Titled “A Catholic Vision for Restorative Justice in Illinois,” the report clarified the Illinois dioceses’ position regarding justice and highlighted the importance of a restorative justice approach.
Emily Cortina, director of outreach for the Illinois archdiocese’s jail ministry, known as Kolbe House, said understanding restorative justice requires new perspectives about what the justice system is.
“It shifts the mindset that’s driving the justice system from ‘What crime was committed and how will the offender be punished?’ to ‘What harm was caused and how can that harm be healed?’” Cortina said.
Mary Clare Birmingham, director of Kolbe House, said the state’s current legal system imposes punishment as retribution yet fails to create healing or true justice.

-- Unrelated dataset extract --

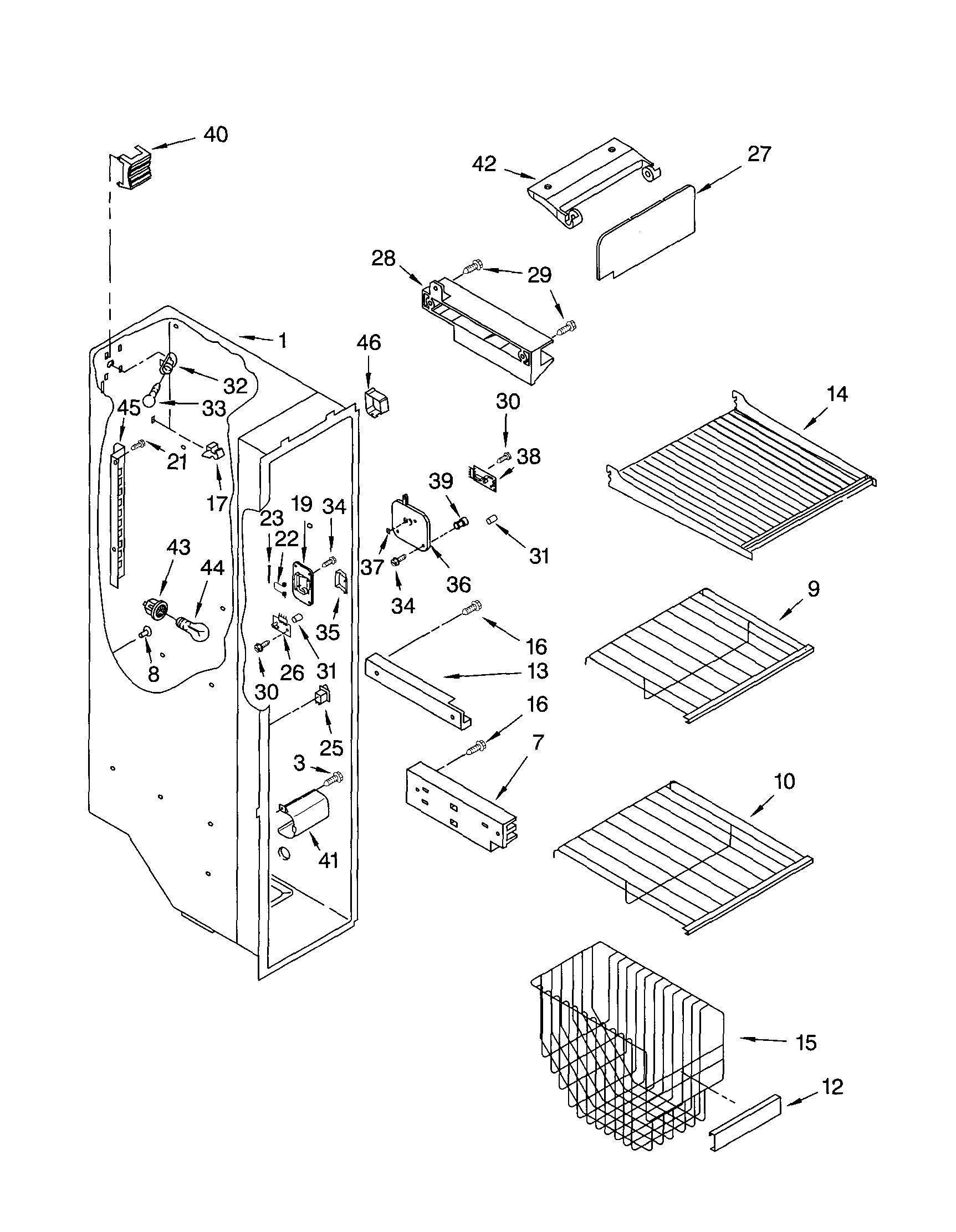 Kenmore 10651552102 freezer liner diagram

“Restorative justice is a set of principles for dealing with the harm of crime or any way we’ve harmed each other that is embodying the vision of justice that Jesus offered,” Birmingham said. “It’s justice including accountability, mercy and healing all together. It ends with the restoration of the individual to the community.”
Birmingham said that the current justice system fails to provide opportunities for directly making amends with victims or the community, and it fails to address the issues underlying the crime. “[With the current system] there’s no way forward, to go from harm to how that can be addressed and healed, and how we can be reconciled to each other.”

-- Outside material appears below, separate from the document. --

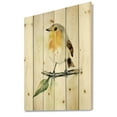 thumbnail image 2 of Designart 'Little Robin Bird Sitting On A Branch' Traditional Print on Natural Pine Wood, 2 of 5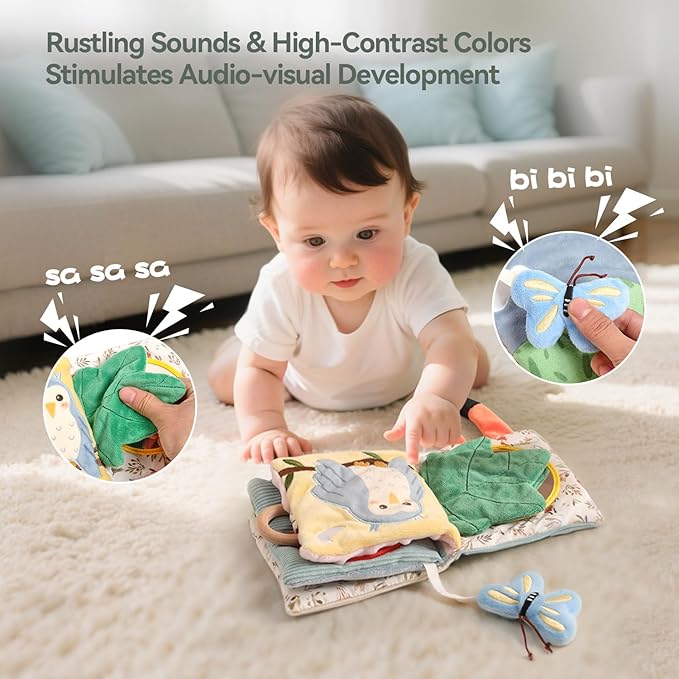 let's make Elephant Soft Baby Books for 0-6-12 Months, Montessori Sensory Tummy Time Toys with Crinkle & Mirror, Teething Toy, Washable Newborn for Boys Girls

As part of the restorative justice model, Birmingham said it is necessary to address all parties’ needs before healing and reconciliation can happen.
Marilou Gervacio, director of social services/social justice for the Catholic Conference of Illinois, said the new vision for justice came at the urging of bishops who lead the Illinois dioceses. The report was years in the making after bishops assigned to the conference’s jail and prison ministry committee took on the task.
Michelle Martin, reporter for the Chicago Catholic¸ wrote that restorative justice was not a new issue for the church. She identified a previous report originating from the U.S. Conference of Catholic Bishops in 2000. Titled, “Responsibility, Rehabilitation, and Restoration: A Catholic Perspective on Crime and Criminal Justice,” the report became a foundation for the current rebranding of the church’s approach to criminal justice.
Cortina said part of achieving restorative justice is making sure adequate support is available for those returning from incarceration to help them successfully reintegrate back into their communities.
Currently, the diocese and jail and prison ministries communicate and work together, but they would need considerably more resources to provide seamless support across diocesan lines. Restorative justice brings communities into the process. That is important for communities of color, which are most affected by both crime and incarceration, Cortina said.
Birmingham said the report’s release was timely due to the continuing public debate around crime and incarceration. She said restorative justice is not “a pie-in-the-sky theoretical idea” because other organizations and countries that suffered from decades of conflict, for instance Northern Ireland and South Africa, use it successfully.
“That’s why our work with the church and this statement are so important,” Birmingham said. “It’s the work of all of us in the community to have that mind shift that everybody mentions. We want to move beyond the polarity of who’s soft on crime and who’s hard on crime.”